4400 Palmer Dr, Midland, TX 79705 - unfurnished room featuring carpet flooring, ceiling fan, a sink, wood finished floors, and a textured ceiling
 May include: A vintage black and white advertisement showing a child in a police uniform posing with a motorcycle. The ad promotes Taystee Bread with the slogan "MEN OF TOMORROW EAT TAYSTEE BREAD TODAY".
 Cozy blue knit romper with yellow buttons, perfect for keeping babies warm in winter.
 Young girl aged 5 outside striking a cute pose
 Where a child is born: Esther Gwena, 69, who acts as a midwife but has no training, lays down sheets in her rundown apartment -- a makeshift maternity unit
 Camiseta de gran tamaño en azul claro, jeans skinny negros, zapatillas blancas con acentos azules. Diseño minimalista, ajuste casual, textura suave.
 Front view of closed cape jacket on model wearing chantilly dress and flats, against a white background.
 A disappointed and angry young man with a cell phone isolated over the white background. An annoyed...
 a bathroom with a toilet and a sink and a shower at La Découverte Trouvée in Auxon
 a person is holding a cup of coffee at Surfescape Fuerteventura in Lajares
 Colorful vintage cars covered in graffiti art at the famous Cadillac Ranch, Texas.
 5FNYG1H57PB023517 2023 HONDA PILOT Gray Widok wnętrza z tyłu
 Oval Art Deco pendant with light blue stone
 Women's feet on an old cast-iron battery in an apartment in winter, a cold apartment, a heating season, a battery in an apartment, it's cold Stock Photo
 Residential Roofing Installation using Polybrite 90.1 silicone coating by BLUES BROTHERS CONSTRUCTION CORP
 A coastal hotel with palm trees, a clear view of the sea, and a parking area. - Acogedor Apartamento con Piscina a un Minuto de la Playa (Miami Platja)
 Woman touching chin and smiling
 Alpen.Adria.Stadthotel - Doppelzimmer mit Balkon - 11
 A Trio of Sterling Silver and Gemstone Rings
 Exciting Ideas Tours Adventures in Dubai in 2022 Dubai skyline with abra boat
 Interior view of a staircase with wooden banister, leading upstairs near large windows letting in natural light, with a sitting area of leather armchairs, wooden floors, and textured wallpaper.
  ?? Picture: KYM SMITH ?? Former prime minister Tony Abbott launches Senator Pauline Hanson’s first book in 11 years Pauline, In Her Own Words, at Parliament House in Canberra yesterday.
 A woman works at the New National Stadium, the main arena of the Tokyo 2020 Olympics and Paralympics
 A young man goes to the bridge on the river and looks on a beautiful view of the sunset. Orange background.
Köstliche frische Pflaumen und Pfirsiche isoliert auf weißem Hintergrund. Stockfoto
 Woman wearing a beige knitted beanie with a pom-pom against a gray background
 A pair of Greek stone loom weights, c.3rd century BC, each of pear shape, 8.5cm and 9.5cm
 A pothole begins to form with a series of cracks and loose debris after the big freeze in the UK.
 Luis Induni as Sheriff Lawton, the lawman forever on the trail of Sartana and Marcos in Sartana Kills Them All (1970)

::::

> [Problem requirements]: Output each line of the records above exactly.

> [Exercise solution]:
4400 Palmer Dr, Midland, TX 79705 - unfurnished room featuring carpet flooring, ceiling fan, a sink, wood finished floors, and a textured ceiling
 May include: A vintage black and white advertisement showing a child in a police uniform posing with a motorcycle. The ad promotes Taystee Bread with the slogan "MEN OF TOMORROW EAT TAYSTEE BREAD TODAY".
 Cozy blue knit romper with yellow buttons, perfect for keeping babies warm in winter.
 Young girl aged 5 outside striking a cute pose
 Where a child is born: Esther Gwena, 69, who acts as a midwife but has no training, lays down sheets in her rundown apartment -- a makeshift maternity unit
 Camiseta de gran tamaño en azul claro, jeans skinny negros, zapatillas blancas con acentos azules. Diseño minimalista, ajuste casual, textura suave.
 Front view of closed cape jacket on model wearing chantilly dress and flats, against a white background.
 A disappointed and angry young man with a cell phone isolated over the white background. An annoyed...
 a bathroom with a toilet and a sink and a shower at La Découverte Trouvée in Auxon
 a person is holding a cup of coffee at Surfescape Fuerteventura in Lajares
 Colorful vintage cars covered in graffiti art at the famous Cadillac Ranch, Texas.
 5FNYG1H57PB023517 2023 HONDA PILOT Gray Widok wnętrza z tyłu
 Oval Art Deco pendant with light blue stone
 Women's feet on an old cast-iron battery in an apartment in winter, a cold apartment, a heating season, a battery in an apartment, it's cold Stock Photo
 Residential Roofing Installation using Polybrite 90.1 silicone coating by BLUES BROTHERS CONSTRUCTION CORP
 A coastal hotel with palm trees, a clear view of the sea, and a parking area. - Acogedor Apartamento con Piscina a un Minuto de la Playa (Miami Platja)
 Woman touching chin and smiling
 Alpen.Adria.Stadthotel - Doppelzimmer mit Balkon - 11
 A Trio of Sterling Silver and Gemstone Rings
 Exciting Ideas Tours Adventures in Dubai in 2022 Dubai skyline with abra boat
 Interior view of a staircase with wooden banister, leading upstairs near large windows letting in natural light, with a sitting area of leather armchairs, wooden floors, and textured wallpaper.
  ?? Picture: KYM SMITH ?? Former prime minister Tony Abbott launches Senator Pauline Hanson’s first book in 11 years Pauline, In Her Own Words, at Parliament House in Canberra yesterday.
 A woman works at the New National Stadium, the main arena of the Tokyo 2020 Olympics and Paralympics
 A young man goes to the bridge on the river and looks on a beautiful view of the sunset. Orange background.
Köstliche frische Pflaumen und Pfirsiche isoliert auf weißem Hintergrund. Stockfoto
 Woman wearing a beige knitted beanie with a pom-pom against a gray background
 A pair of Greek stone loom weights, c.3rd century BC, each of pear shape, 8.5cm and 9.5cm
 A pothole begins to form with a series of cracks and loose debris after the big freeze in the UK.
 Luis Induni as Sheriff Lawton, the lawman forever on the trail of Sartana and Marcos in Sartana Kills Them All (1970)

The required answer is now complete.